WV refundsBy BRYN MICKLE / Staff Writer, Martinsburg

photo: RICHARD T. MEAGHER / staff photographer

MARTINSBURG, W.Va. - More than 25 years after her parents opened a savings account for her, Amber Boeckman has finally gotten her piece of $65 million worth of unclaimed property in the state of West Virginia..

All $331.91 of it.

West Virginia State Treasurer John D. Perdue was in Martinsburg Tuesday afternoon to pass out checks to five local residents who discovered they were entitled to some long overdue cash.

The state treasury has spent the last two years aggressively trying to find the rightful owners of everything from forgotten savings bonds and retirement funds to stocks and estate settlements, Perdue said.

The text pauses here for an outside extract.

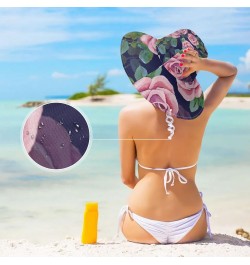 Women's Foldable Floppy Travel Beach Sun Visor Hat Pink Rose Navy Wide Brim Visor Waterproof(236rh1a) $10.81 Sun Hats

About 85 percent of the time, the unclaimed money amounts to about $500 or less, but every so often the state finds someone who is owed as much as $100,000, Perdue said.

A Morgantown, W.Va., woman received a check for $74,000 in unclaimed money on Monday, Perdue said.

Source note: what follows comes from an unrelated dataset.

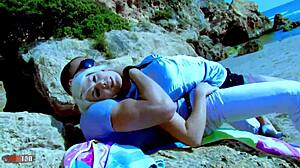 Milky cooper enjoys ass fucking at beach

As head of a department that is usually on the receiving end of checks, Perdue said he's glad when he can find the owners of lost money.

"It's nice to be able to give some of it back," Perdue said.

Boeckman said she never would have known about her unclaimed cash if her aunt had not been surfing the Internet about six months ago.

Boeckman's name was on a list of unclaimed property, and when her aunt saw her name, she quickly gave her a call, Boeckman said.

"My parents had set up a savings account for me a long time ago and I guess they forgot about," she said.

Her sudden windfall will do nicely to purchase a new easy chair for her home, Boeckman said.

Julia and Warren Barkley of Martinsburg received a $126 check from a stock account that Warren Barkley had set up 20 years ago while working as an airplane technician in Hagerstown.

"It was quite a surprise," Julia Barkley said.

While the Barkleys were unsure how they would spend the money, Julia Barkley said she had "plenty of places for it."

While a total of five checks were earmarked for Perdue's appearance in Martinsburg on Tuesday, three of the recipients shunned the publicity and will receive their checks at home.

None of the checks were larger than about $300, Perdue said.

To date, the state has located the owners of about $11 million in unclaimed property, and Perdue said there is no time limit for claiming it.

"That's the people's money and we'll give it to them," Perdue said.